* **AIM OF THE TASK**
Between the line containing "السلام عليكم" and the line containing "بصرة شهداء جاهز للوكاله" lies a run of lines; give that run again exactly, with both of those lines, and nothing else from the entries below.

* **DATASET EXCERPTS**
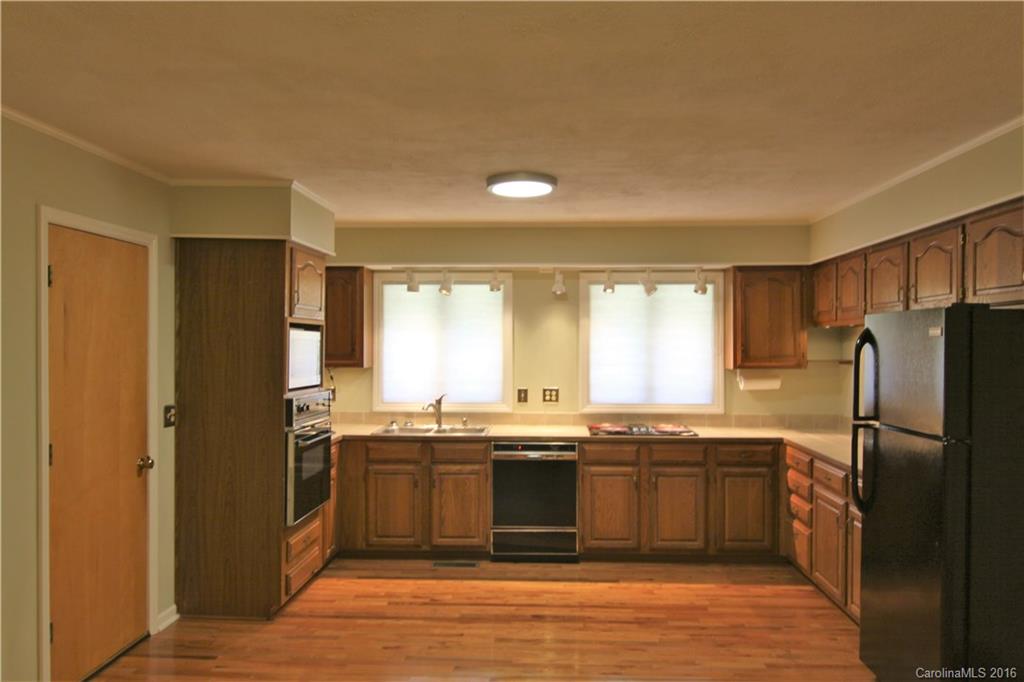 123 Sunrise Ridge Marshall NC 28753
---
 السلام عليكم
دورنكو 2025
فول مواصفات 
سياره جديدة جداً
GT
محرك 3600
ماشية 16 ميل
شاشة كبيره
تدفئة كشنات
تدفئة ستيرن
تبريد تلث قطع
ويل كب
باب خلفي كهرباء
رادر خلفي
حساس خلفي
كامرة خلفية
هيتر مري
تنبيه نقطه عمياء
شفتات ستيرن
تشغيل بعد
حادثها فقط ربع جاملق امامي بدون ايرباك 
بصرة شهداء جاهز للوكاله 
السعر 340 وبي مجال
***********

* **COMPLETED EXERCISE**
 السلام عليكم
دورنكو 2025
فول مواصفات 
سياره جديدة جداً
GT
محرك 3600
ماشية 16 ميل
شاشة كبيره
تدفئة كشنات
تدفئة ستيرن
تبريد تلث قطع
ويل كب
باب خلفي كهرباء
رادر خلفي
حساس خلفي
كامرة خلفية
هيتر مري
تنبيه نقطه عمياء
شفتات ستيرن
تشغيل بعد
حادثها فقط ربع جاملق امامي بدون ايرباك 
بصرة شهداء جاهز للوكاله 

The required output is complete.